I'm a big fan of using manuals, and I tend to read them cover to cover, but I'll offer a counterpoint:

Stack sites tend to be easily findable using websites like Google. In the field, if someone doesn't have their manual and has an issue they want to understand, they're likely to use a search engine. And they are quite likely to find an answer here, in Photography.SE.

Having these questions with good answers will generate traffic here. Yes, we should still encourage askers to read the manual, but we should absolutely answer the question as well, for the sake of future searchers.

It's easy to forget that nowadays, the vast majority of consumer tech doesn't really require a 200-page manual

There is an ever-growing population of people who either grew up with the internet basically always available at their fingertips, and a generation or two older than them, who have adapted to the reality that most information is a quick internet search away.

And coinciding with these growing populations is the fact that technology is consistently becoming easier to use, more intuitive, and requiring less up-front instruction (such as user manuals). The idea of having a tech toy that actually requires some thought and knowledge about the subject domain the toy plays in, is becoming passé.
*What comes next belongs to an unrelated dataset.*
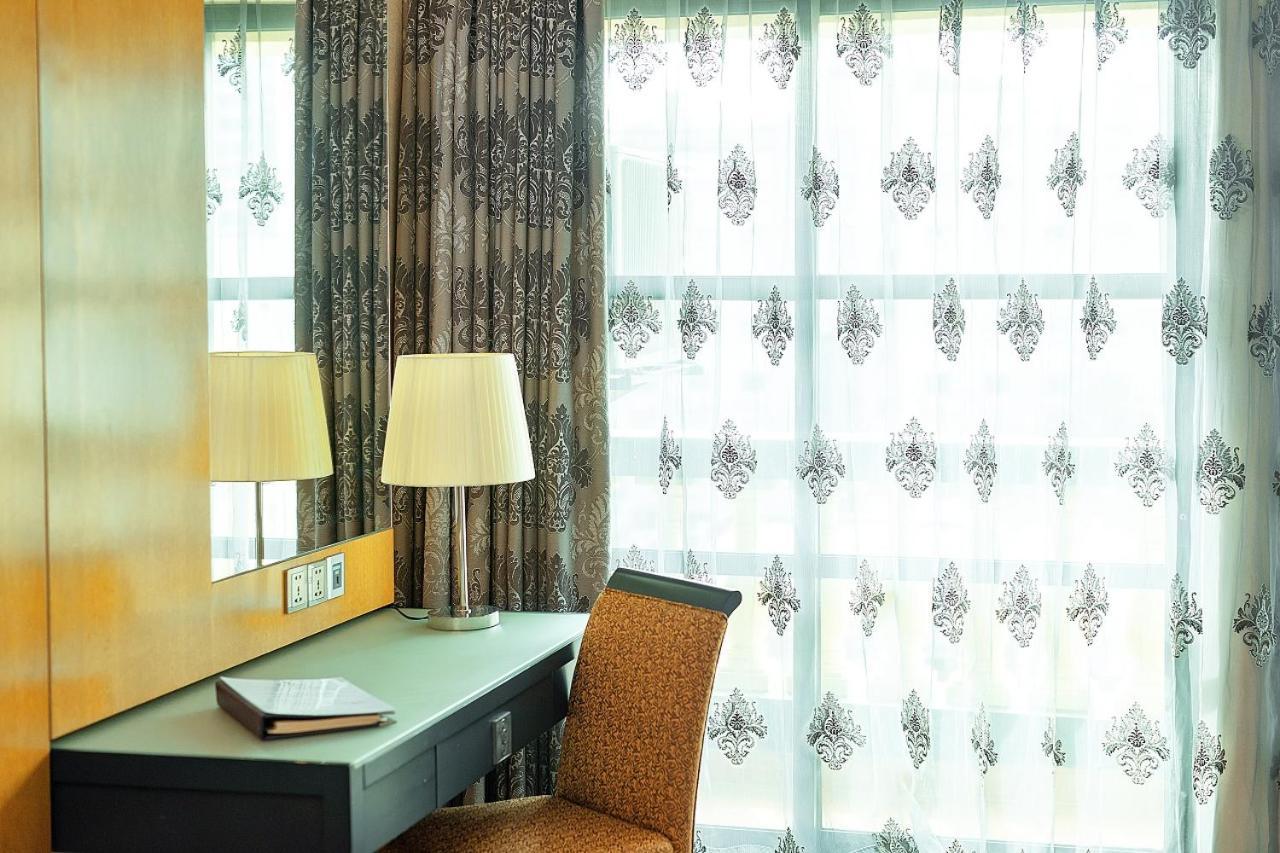 Zhuhai Richmond Hotel Ngoại thất bức ảnh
Think about it — a generation ago, complicated tech toys such as remote-controlled aircraft required plenty of assembly, glue-up, wiring, tweaking of the control rods and servos, etc. And once you learned how to fuel the engine and start the glowplugs without cutting your fingers off, you probably crashed that aircraft on your first flight. The out-of-the-box experience of those planes sucked. (And let's not even start on the helicopters).

Today, amazing quadcopter drones, that can be had for a few hundred bucks, can be safely flown 20 minutes after unboxing. They have built-in cameras, object detection and avoidance, automatic hovering, and return-to-launch capabilities. Without having to sit and read a 200-page manual. Probably a 10-minute YouTube video (that they played at 2x speed) is sufficient.

But DSLRs — and to a slightly lesser degree, mirrorless cameras, with their increasingly smartphone-like touch interfaces with broad control over focus points, etc. — are different beasts. Even if you're moving from a 2012-era DSLR to a 2018 DSLR of the same brand (which for the most part aren't that different), you still need to read the manual. The tools of photography and videography are complex enough to require manuals, because the art and science of photography is still complex enough to require study and thought.

But because the rest of tech-toy world is shifting away from requiring manuals, it just doesn't occur to most people to need to read manuals.


So, how / to what degree should we answer questions that are trivially answered in the camera's user manuals? The same way we answer any other photography question: politely, nicely, without condescending to the questioner about "RTFM". Think of it like this: in the face of an ever-growing population of people who are accustomed to finding what they need by asking the internet, we can approach it in two basic ways:

  1. Curtly point them to the manual page, in a "RTFM"-sort of manner (or worse, tell them to go away because the question is too basic). This will eventually cause Photo.SE readership and community to dwindle, possibly being stuck with a reputation for being a bunch of smarter (and holier)-than-thou photo snobs who condescend to noobs; OR

  2. Answer these basic questions in the spirit of StackExchange's newer, nicer, better Code of Conduct, and maintain and hopefully build Photo.SE's reputation as the place to go for photography questions.

Obviously, I suggest we go with the latter. Yes, it's tedious answering basic questions that people should read the manual for. But then again, it's the self-volunteered "customer service" role we chose by being part of the Q&A community at Photo.SE. Just like when each of us started practicing photography, it got tedious at times, so too is community education. The really fun, stump-the-experts type questions can only come along once in awhile. For the rest (and majority) of the time, there's the help-a-new-budding-photographer questions, that help us practice our patience, technical writing, and explain-it-like-I'm-five skills.